The Registrant has entered into indemnification agreements with each
director and certain executive officers of the Registrant. Generally, each
indemnification agreement provides, among other things, (i) for indemnification
to the fullest extent permitted by law against all expenses, judgments, fines,
penalties incurred in connection with, and amounts paid in settlement of, any
claim against the indemnified party, provided it is determined pursuant to the
agreement that the indemnitee is entitled to be indemnified under the applicable
standard of conduct under the MGBCL; (ii) for advancement of expenses to the
indemnitee in connection with the indemnitee's defense of any threatened or
pending claim, provided that if it is determined pursuant to the agreement that
the indemnitee would not be permitted to be indemnified under applicable law,
the Registrant shall be entitled to be reimbursed by the indemnitee for all such
amounts previously paid; (iii) for the creation of a trust for the benefit of
the indemnitee in the event of a potential change in control of the Registrant
which shall be funded from time to time at the request of the indemnitee in an
amount sufficient to satisfy the Registrant's indemnification obligations under
the agreement; and (iv) that no legal action be brought and no cause of action
be asserted by or on behalf of the Registrant against the indemnitee after the
expiration of the earlier of the applicable statute of limitations or two years
after the date of accrual of such cause of action. Similar indemnification
agreements may be entered into from time to time with additional officers of the
Registrant. In addition, the Registrant has purchased a directors and officers
liability insurance policy.
Item 7. Exemption from Registration Claimed.
Not applicable.
Item 8. Exhibits.
4.1 Restated Articles of Incorporation of Registrant (incorporated
herein by reference to Exhibit 3 of the Registration's Quarterly
Report on Form 10-Q for the period ended May 4, 1996).

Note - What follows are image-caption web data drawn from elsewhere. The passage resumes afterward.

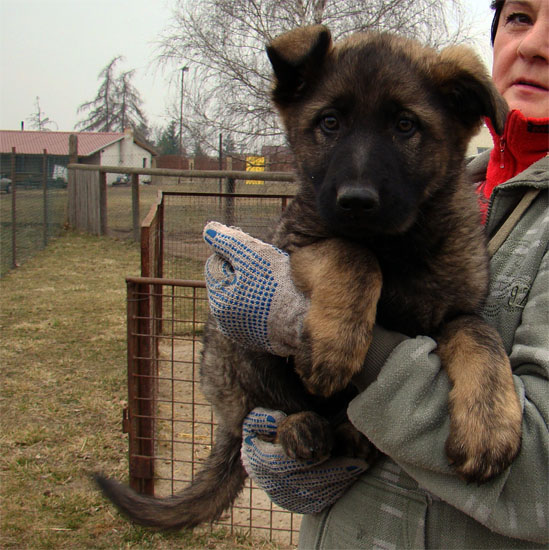 Original image from the archived CHARI z Esagilu x PEGY z Golha litter record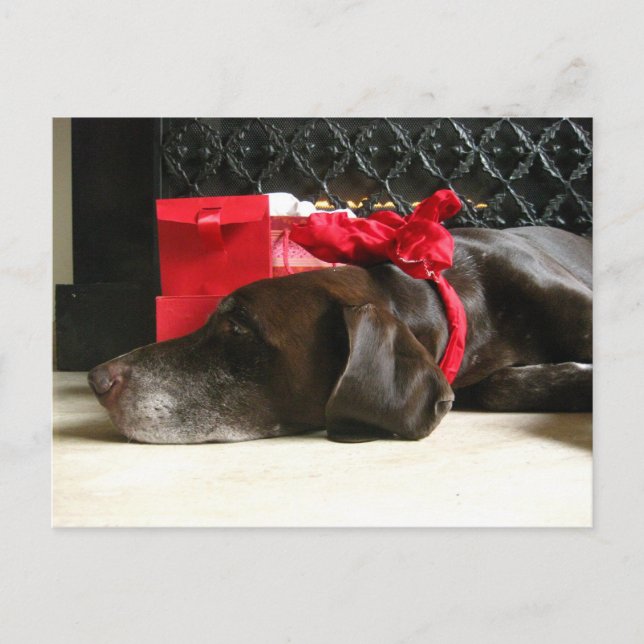 waiting for santa holiday postcard (Front)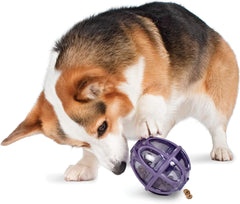 PetSafe Busy Buddy Kibble Nibble - Dog Toy - Treat and Food Dispenser - Slow Feeder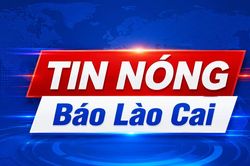 Nhiều sự cố nghiêm trọng tại châu Âu: Rò rỉ hóa chất ở Đức, cháy lớn tại London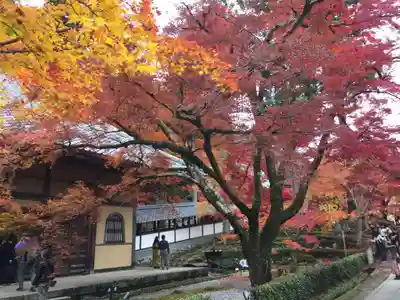 永源寺(滋賀県)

4.2 Amended and Restated By-Laws of Registrant (incorporated herein
by reference to Exhibit 3.2 of the Registrant's Annual Report on
Form 10-K for Fiscal Year ended February 1, 1997).
4.3 Rights Agreement, dated as of April 2, 1996, between Registrant
and The Bank of New York, as Rights Agent, which includes as
Exhibit A thereto, the Form of Rights Certificate (incorporated
herein by reference to Exhibit 4.1 of the Registrant's
Registration Statement on Form 10 dated February 23, 1996, as
amended through April 15, 1996)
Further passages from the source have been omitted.